The boy grinned despite himself.
Macauley slapped him again and said, “Okay, scram, get, vamoose, clear out of here. I’ve got sick people to deal with.”
“Yeah, right.” The boy pulled out a pack of cigarettes, stuck a smoke in his mouth, but didn’t light it.
Macauley said, “Hey, turkey, your lungs are someone else’s problem.”
The boy laughed and shambled off.
Macauley came over to me. “Noncompliant adolescents with brittle diabetes. When I die I know I’m going to heaven, ’cause I’ve already been to hell.”
He shot a thick arm forward. The hand at the end of it was big but his grip was restrained. His face was basset with a touch of bull terrier: thick nose, full lips, small, drooping dark eyes. The baldness and perpetual five o’clock shadow gave him a middle-aged look, but I guessed he was thirty-five or so.
“Al Macauley.”
“Alex Delaware.”
“Meeting of the Als,” he said. “C’mon out of here before the natives grow restless.”
He took me behind swinging doors just like those in Stephanie’s clinic, past a similar mix of clerks, nurses, residents, ringing phones, and scratching pens, to an examining room decorated with a sugar-content chart issued by one of the big fast-food chains. The five food groups with an emphasis on burgers and fries.
“What can I do for you?” he said, sitting on a stool and spinning back and forth in small semicircles.

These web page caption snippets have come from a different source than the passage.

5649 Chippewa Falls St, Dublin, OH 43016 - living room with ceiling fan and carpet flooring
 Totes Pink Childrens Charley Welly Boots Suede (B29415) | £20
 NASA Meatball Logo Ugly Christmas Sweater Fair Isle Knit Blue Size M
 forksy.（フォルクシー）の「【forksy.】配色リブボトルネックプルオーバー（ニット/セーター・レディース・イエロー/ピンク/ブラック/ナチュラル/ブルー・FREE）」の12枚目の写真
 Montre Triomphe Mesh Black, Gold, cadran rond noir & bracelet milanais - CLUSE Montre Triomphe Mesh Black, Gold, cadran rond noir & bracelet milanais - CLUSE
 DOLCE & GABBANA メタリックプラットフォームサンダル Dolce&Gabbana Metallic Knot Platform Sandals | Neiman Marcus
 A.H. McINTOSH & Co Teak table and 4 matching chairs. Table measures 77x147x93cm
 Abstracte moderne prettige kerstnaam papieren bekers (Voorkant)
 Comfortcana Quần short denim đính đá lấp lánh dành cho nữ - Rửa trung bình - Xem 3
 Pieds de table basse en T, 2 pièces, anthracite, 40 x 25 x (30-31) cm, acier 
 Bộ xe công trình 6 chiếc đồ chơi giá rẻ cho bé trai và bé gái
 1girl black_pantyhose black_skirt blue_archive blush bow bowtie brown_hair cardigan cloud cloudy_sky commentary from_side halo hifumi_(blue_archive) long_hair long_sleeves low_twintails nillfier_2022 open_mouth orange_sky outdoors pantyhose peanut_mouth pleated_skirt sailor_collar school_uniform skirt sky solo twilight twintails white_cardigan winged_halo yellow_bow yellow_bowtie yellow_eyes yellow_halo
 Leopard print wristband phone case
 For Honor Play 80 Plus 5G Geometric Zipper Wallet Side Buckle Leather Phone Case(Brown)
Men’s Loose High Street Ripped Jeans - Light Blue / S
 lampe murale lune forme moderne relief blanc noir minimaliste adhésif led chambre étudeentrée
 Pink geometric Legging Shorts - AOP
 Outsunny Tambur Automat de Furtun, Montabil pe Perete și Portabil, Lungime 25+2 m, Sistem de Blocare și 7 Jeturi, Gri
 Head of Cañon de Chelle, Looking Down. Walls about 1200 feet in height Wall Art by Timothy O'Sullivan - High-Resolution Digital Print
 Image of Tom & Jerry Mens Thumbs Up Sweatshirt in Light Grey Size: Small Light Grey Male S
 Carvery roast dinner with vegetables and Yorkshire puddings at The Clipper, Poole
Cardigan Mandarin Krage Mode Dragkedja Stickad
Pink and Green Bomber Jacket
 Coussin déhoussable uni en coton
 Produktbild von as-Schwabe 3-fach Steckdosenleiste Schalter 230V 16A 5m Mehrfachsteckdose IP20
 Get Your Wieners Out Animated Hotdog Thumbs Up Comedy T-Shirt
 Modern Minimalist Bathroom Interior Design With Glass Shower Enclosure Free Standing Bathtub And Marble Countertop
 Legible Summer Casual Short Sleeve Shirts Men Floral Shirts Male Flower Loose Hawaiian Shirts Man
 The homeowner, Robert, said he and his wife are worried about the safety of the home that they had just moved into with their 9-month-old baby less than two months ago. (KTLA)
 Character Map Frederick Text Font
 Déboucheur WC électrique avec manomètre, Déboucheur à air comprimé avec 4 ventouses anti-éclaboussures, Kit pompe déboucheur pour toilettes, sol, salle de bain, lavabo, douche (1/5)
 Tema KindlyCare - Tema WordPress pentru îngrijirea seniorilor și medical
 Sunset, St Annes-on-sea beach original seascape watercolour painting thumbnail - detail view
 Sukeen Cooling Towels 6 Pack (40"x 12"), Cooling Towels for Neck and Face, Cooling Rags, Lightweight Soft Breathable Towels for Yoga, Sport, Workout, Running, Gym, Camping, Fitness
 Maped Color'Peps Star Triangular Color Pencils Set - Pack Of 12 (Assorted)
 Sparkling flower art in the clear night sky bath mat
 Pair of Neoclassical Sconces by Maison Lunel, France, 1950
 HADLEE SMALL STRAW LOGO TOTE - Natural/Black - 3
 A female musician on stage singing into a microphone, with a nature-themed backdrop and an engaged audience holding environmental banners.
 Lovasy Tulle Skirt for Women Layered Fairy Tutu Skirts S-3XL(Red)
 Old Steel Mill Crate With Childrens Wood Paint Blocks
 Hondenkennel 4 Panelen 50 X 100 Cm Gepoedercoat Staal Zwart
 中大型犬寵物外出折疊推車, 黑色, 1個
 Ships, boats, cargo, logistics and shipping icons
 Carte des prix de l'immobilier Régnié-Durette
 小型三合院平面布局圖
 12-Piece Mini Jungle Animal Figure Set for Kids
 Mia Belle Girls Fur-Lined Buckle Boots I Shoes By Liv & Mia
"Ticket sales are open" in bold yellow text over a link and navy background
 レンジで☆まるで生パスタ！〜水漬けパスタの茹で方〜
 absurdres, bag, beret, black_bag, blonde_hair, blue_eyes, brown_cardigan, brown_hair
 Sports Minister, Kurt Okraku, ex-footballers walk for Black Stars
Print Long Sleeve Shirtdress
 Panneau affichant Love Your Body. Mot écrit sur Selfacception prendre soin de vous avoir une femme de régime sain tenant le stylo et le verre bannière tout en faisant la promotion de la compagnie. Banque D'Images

“Any insights on Cassie?” I said.
“Insights? Isn’t that your department?”
“In a perfect world it would be, Al. Unfortunately, reality’s refusing to cooperate.”
He snorted and ran his hand over his head, smoothing nonexistent hair. Someone had left a rubber reflex hammer on the examining table. He picked it up and touched the tip to his knee.
“You recommended intensive psych support,” I said, “and I just wondered—”
“If I was being an especially sensitive guy or if I thought the case was suspicious, right? The answer is b. I read your notes in the chart, asked around about you, and found out you were good. So I figured I’d put in my two cents.”
“Suspicious,” I said. “As in Munchausen by proxy?”
“Call it what you want — I’m a gland-hand, not a shrink. But there’s nothing wrong with the kid’s metabolism, I can tell you that.”
“You’re sure of that?”
“Look, this isn’t the first time I’ve been involved in the case — I worked her up months ago, when she supposedly presented with bloody stools. No one ever actually saw the stools except the mom, and red spots on a diaper don’t make it in my book. We could be talking diaper rash. And my first go-round was rigorous . Every endocrine test in the book, some that weren’t.”
“Someone saw this latest seizure.”
“I know that,” he said impatiently. “The nurse and the U.C. And low sugar does explain it, physiologically. But what it doesn’t explain is why . She’s got no genetic or metabolic abnormality of any kind, no glycogen storage disorder, and her pancreas is functioning perfectly. At this point, all I’m doing is plowing old ground and throwing in some experimental assays I borrowed from the med school — basic science stuff they’re still getting baselines on. We might just have the most tested two-year-old kid in the Western Hemisphere. Wanna call Guinness?”
“What about something idiopathic — a rare variant of a known disease?”
He looked at me, passed the hammer from hand to hand. “Anything’s possible.”
“But you don’t think so.”
“What I don’t think is that there’s anything wrong with her glands. This is a healthy kid, presenting with hypoglycemia because of something else.”
“Something someone gave her?”
He tossed the hammer up in the air and snagged it with two fingers. Repeated the exercise a couple more times, then said, “What do you think?” He smiled. “Always wanted to do that with one of you guys. Seriously, though, yeah, that’s what I think. It’s logical, isn’t it, considering the history? And that sib who died.”